All Non-Banking Financial Companies

Madam / Dear Sir,

Large Exposures Framework for Non-Banking Financial Company - Upper Layer (NBFC-UL)

Please refer to paragraph 3.2.2 (d) of RBI circular DOR.CRE.REC.No.60/03.10.001/2021-22 dated October 22, 2021 on “Scale Based Regulation (SBR): A Revised Regulatory Framework for NBFCs”, in terms of which a Large Exposure Framework (LEF) is prescribed for NBFCs in the Upper Layer.
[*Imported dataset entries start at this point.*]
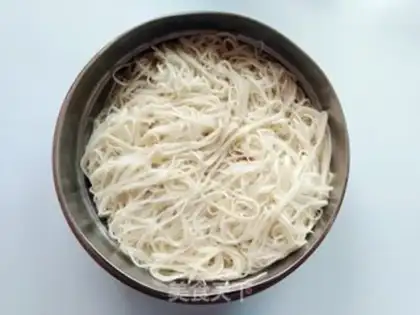 Make Three cold noodles step 4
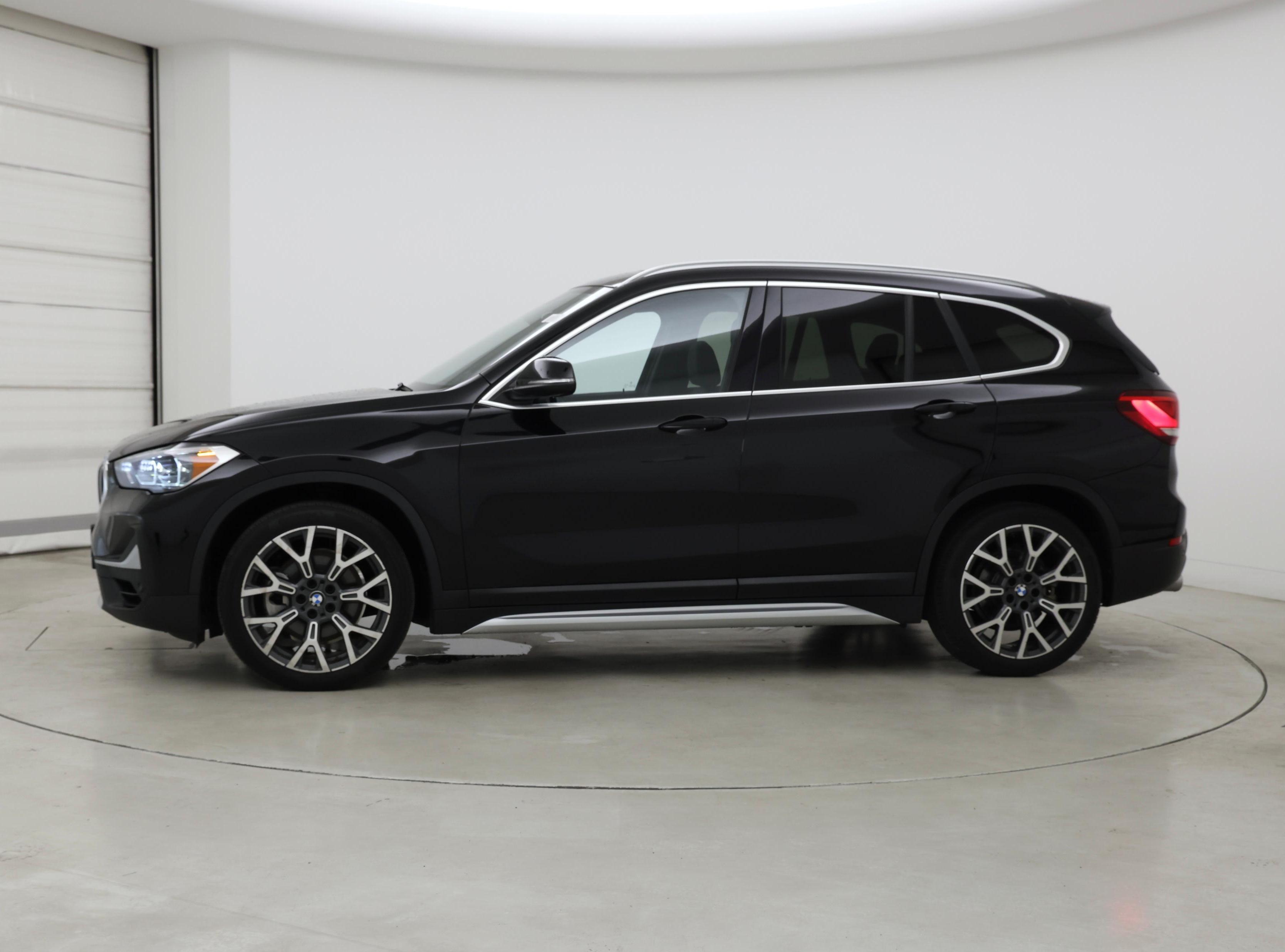 Thumbnail: 2022 BMW X1 - 3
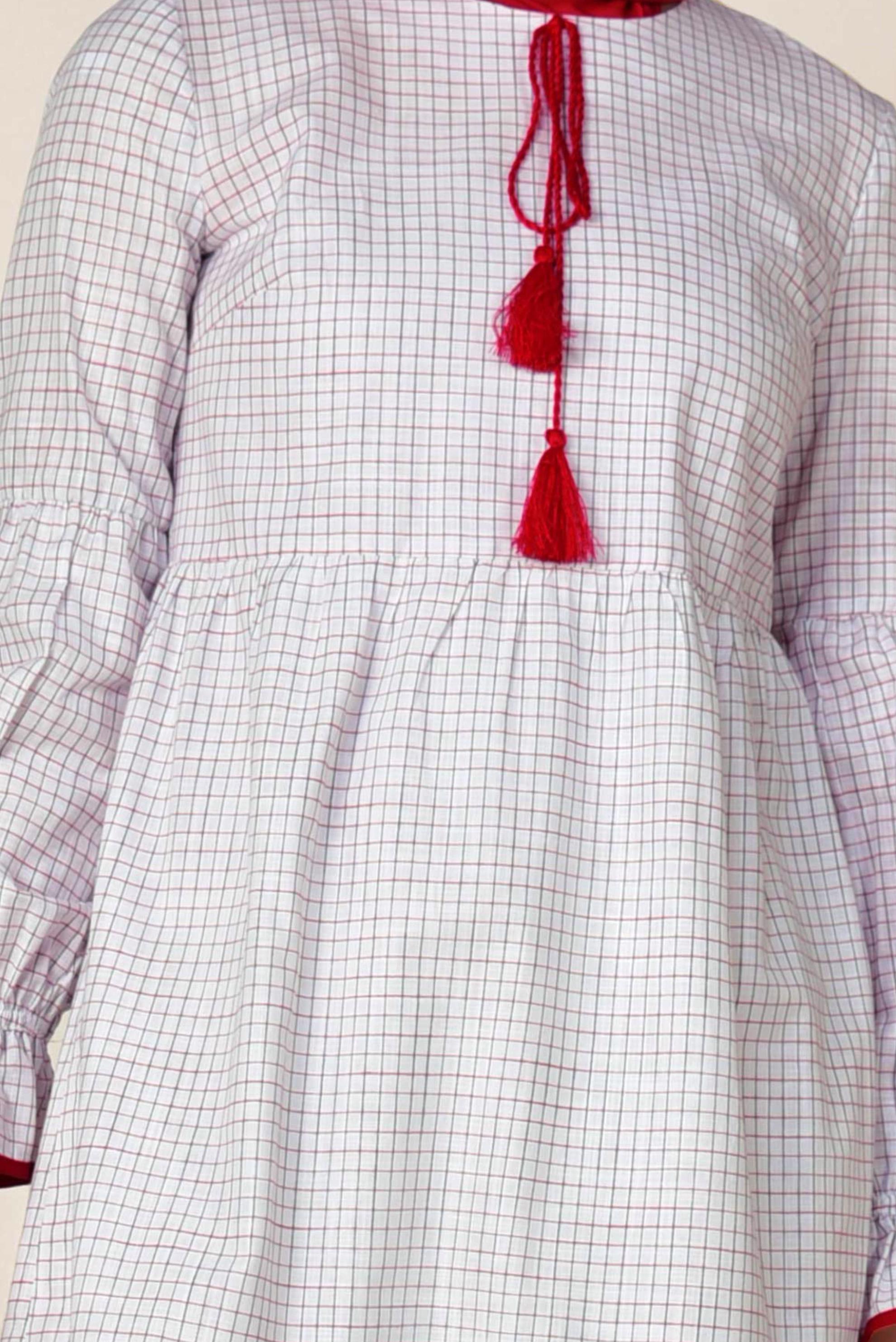 Tesettür giyim BEYAZ KARE DESENLİ PÜSKÜL DETAYLI TUNİK 4160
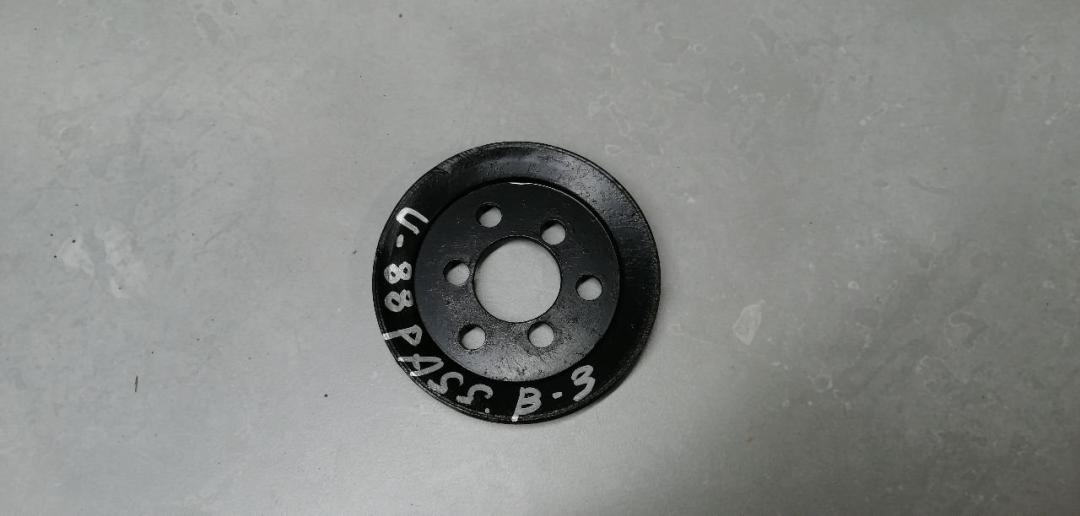 шкив насоса гидроусилителя Volkswagen Passat B3 1990, 1.8 л., бензин, МКПП, седан - фото №1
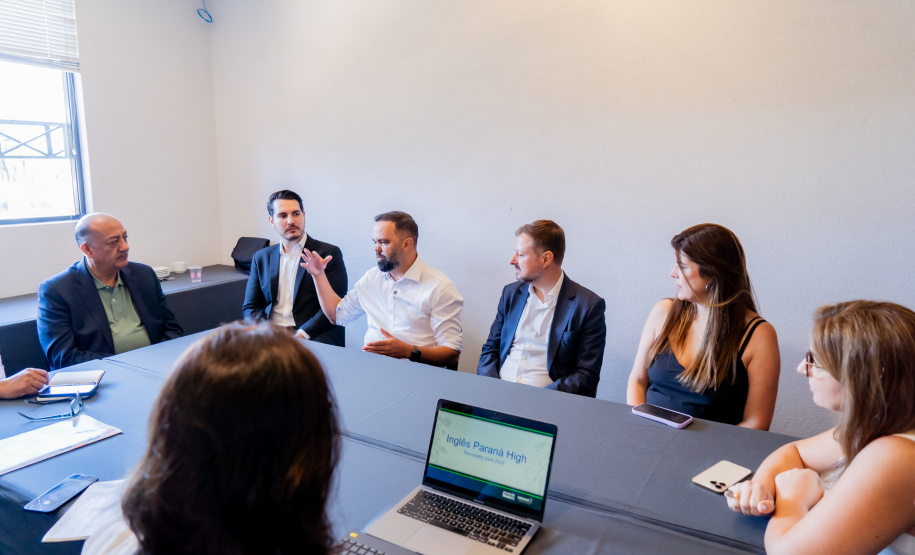 SEED - Referência internacional: comitiva do México visita o Paraná para conhecer modelo de ensino de Inglês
2. Detailed guidelines in this regard are annexed.

Yours faithfully,

(Manoranjan Mishra)
Chief General Manager


Annex

Large Exposures Framework (LEF)

1 Introduction

1.1 Prudential guidelines on exposure norms aim at addressing credit risk concentration in NBFCs. These instructions set out to identify large exposures, refine the criteria for grouping of connected counterparties and put in place reporting norms for large exposures.

2 Definitions

2.1 “NBFC-UL” means an NBFC placed in the upper layer as per RBI circular DOR.CRE.REC.No.60/03.10.001/2021-22 dated October 22, 2021 on “Scale Based Regulation (SBR): A Revised Regulatory Framework for NBFCs”.

2.2 “Tier I Capital” for the purpose of the guidelines shall have the same meaning as defined in the Master Direction - Non-Banking Financial Company - Systemically Important Non-Deposit taking Company and Deposit taking Company (Reserve Bank) Directions, 2016. Further, profits accrued during the year will be reckoned as Tier I capital for the purpose of LEF after making necessary adjustments as per the guidelines applicable to NBFC-UL. The NBFC-UL shall obtain an external auditor’s certificate on completion of the augmentation of capital and submit the same to the Reserve Bank of India (Department of Supervision) before reckoning the additions to capital funds.

2.3 “Eligible capital base” means Tier 1 capital as defined at paragraph 2.2 above.

2.4 “Control1” means the right to appoint majority of the directors or to control the management or policy decisions exercisable by a person or persons acting individually or in concert, directly or indirectly, including by virtue of their shareholding or management rights or shareholders’ agreements or voting agreements or in any other manner.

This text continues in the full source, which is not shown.